Does anyone know when the draw results for sharpies and/or sage grouse are supposed to post? Has anyone received confirmation that they have drawn a tag yet?


----------



## xxxxxxBirdDogger (Mar 7, 2008)

30th.


----------



## HJB (May 22, 2008)

Man it sucks not being able to see a CC hit on this draw!!!! :evil:


----------



## gunrunner (Feb 1, 2008)

got the email today.
My son drew out but nothing for me.........
Man I love the Utah dwr!!!!!!!!! :evil:


----------



## bwhntr (Sep 12, 2007)

They flipped me the bird for Sage Grouse as well... :evil:


----------



## stucknmud (Dec 2, 2008)

WOW I thought I would go 0/5 this year.

SUCCESSFUL for hunt 101 WEST BOX ELDER COUNTY


----------



## katorade (Sep 23, 2007)

Got are email 4 sage grouse are going down.

Hopefully *()* -()/-


----------



## luv2fsh&hnt (Sep 22, 2007)

Me and my side kick and my uncle drew for sage and sharpies for box elder county.YEE HAW!


----------



## Me and Annie (Mar 3, 2008)

Success for me and my two boys on sage grouse, unsuccessful on cranes.

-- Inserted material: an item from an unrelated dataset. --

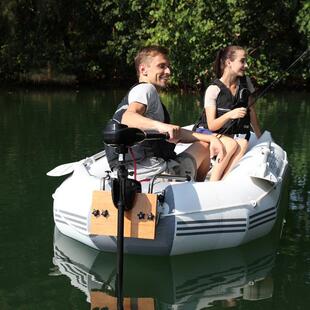 bestway62069船外机支架船挂机船马达橡皮船冲船气钓鱼船短支架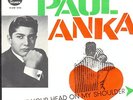 Paul Anka Rare German 45er Promo  Put Your Head On My Shoulder  TOP ZUSTAND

Kind of wish it had been the other way around. Never killed a crane and already have wyoming sage grouse on the schedule. Not complaining they are great fun to hunt.


----------



## xxxxxxBirdDogger (Mar 7, 2008)

I drew both.


----------



## Size Matters (Dec 22, 2007)

My boy and I drew for Sage Hens should be a good time.


----------



## InvaderZim (Sep 7, 2007)

You rat bastards! :mrgreen:


----------



## Gumbo (Sep 22, 2007)

My son drew, but not me. If it weren't for my son, I'd never get to hunt!!


----------



## billybob (Oct 27, 2008)

Got mine in the mail yesterday too. Successful for sharpies and sage. That's the best luck I've ever had with any of these Utah draws.


----------



## stevo1 (Sep 13, 2007)

Got both Sharpies and sage. No on the crane, I have better luck on the powerball!


----------



## RJ-Max4 (Sep 11, 2007)

Successful for all three! 8)


----------



## crimson obsession (Sep 7, 2008)

Successful on the crane for the third year in a row!


----------



## Doc (Sep 11, 2007)

Nada for me and the boys


----------



## springerhunter (Apr 17, 2008)

Drew for sage grouse...now I just need to get out and find them. I have only hunted them in Idaho until this year.


----------



## botech101 (Jul 31, 2009)

Drew out for sharp tails in Hunt area 202 Cache county... Are there any birds left in the area? I've hunted Chukar only over the years and have no experince w/ sharpies, their habitat, habits etc... Any suggestions w/ respect to geo sites & access, web information is certainly appreciated. Please PM


----------



## FlightRisk (Jan 23, 2009)

Successful Bonus Point for Sharp-Tail!

Two young puppies . . . Golden Retriever and an English Setter

We'll get them next year!


----------